1. 14
  1.  

  2. 4

    This was an interesting read! I don’t have much background in implementing efficient VMs, so I’m curious: given this was written in 2008, how much has the current state-of-the-art in VM instruction dispatch evolved? Does anyone know of a more modern reference for this?

    1. 5

      It looks as if the high-level techniques are still pretty much the same. If you’d written this in the ’80s then it would have looked similar. The differences are in the subtleties of implementation. For example:

      • Code patching is trivial if you have single-threaded execution. In multithreaded VMs, you need to make sure that the orderings of updates are such that the code is always correct (often, this is done by limiting the size of patch points to a single machine word).
      • Specialisation early is really useful. Graal is really great for this and specialises the AST, before you get to bytecode dispatch.
      • Modern implementations typically have multiple tiers of interpreter / JIT and on-stack replacement costs are important for moving between them.
      • Lots of software engineering bits that don’t affect the underlying abstractions.

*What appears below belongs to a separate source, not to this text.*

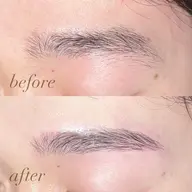 ✨美眉アイブロウwax脱毛✨顔の印象が変わりメイクがとても楽になります🤍 メンズOK👦🏻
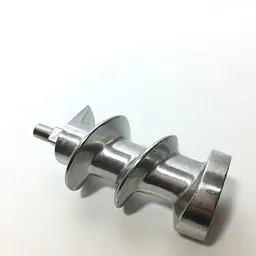 Шнек на м'ясорубку Bosch Champion MFW1501, MFW1550, кухонний комбайн Bosch MUM4* MUM5* (без муфти), 050366 - мініатюра 5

      My favourite example of the last two is WebKit’s JavaScriptCore. The first two tiers of this use the same code. The interpreter is written in portable macro assembly. This is done for two reasons:

      • It keeps the code size small (the entire interpreter will fit in L1 i-cache on a modern CPU.
      • It gives complete control over stack layout.

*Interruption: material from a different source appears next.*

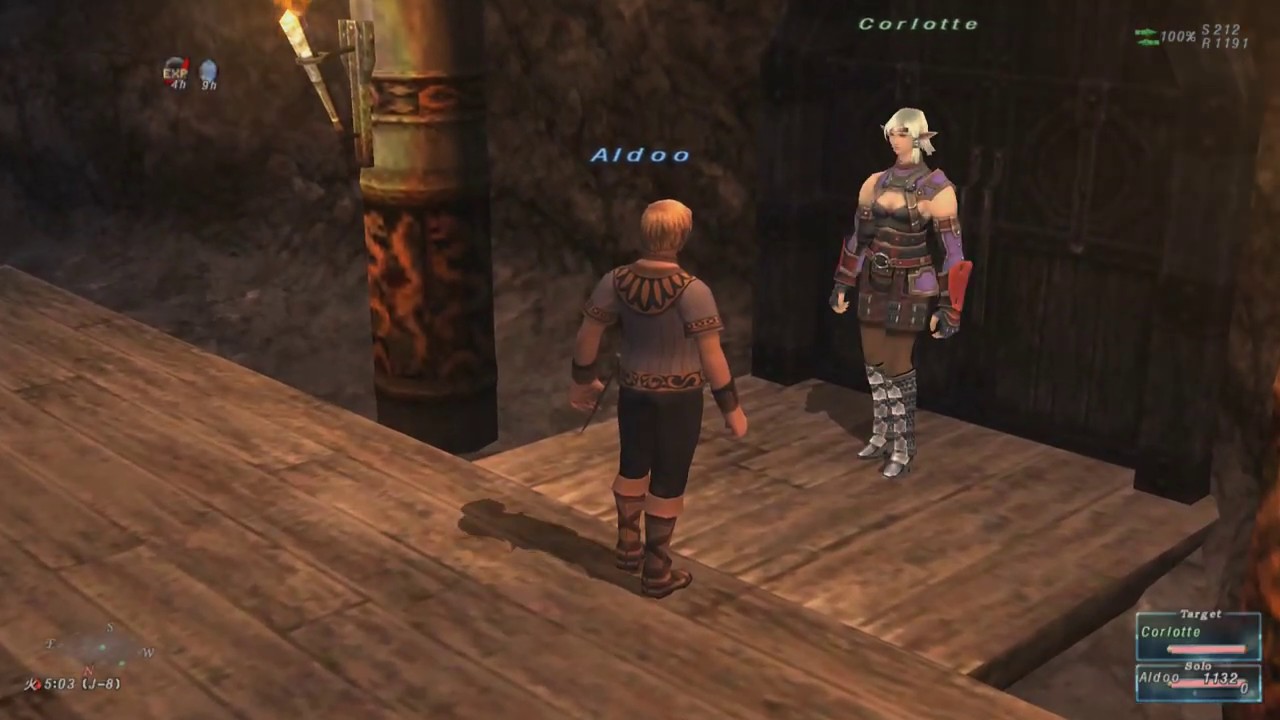 Final Fantasy Xi Rise Of The Zilart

      The first is important because if the interpreter is too slow then you need to move to a JIT more aggressively. The second is important because it lets the interpreter and tier-1 JIT use the same stack layout (and register usage) and so moving between them is just a jump. The tier-1 JIT is implemented using exactly the same code as the interpreter: it either inserts direct calls to the bytecodes for large ones or pastes their contents into small ones. There are some corner cases where this can cause a slowdown, if the interpreted code fits nicely into L1 cache and the JIT’d code doesn’t.

      Early tiers in any such system are expected to collect profiling information.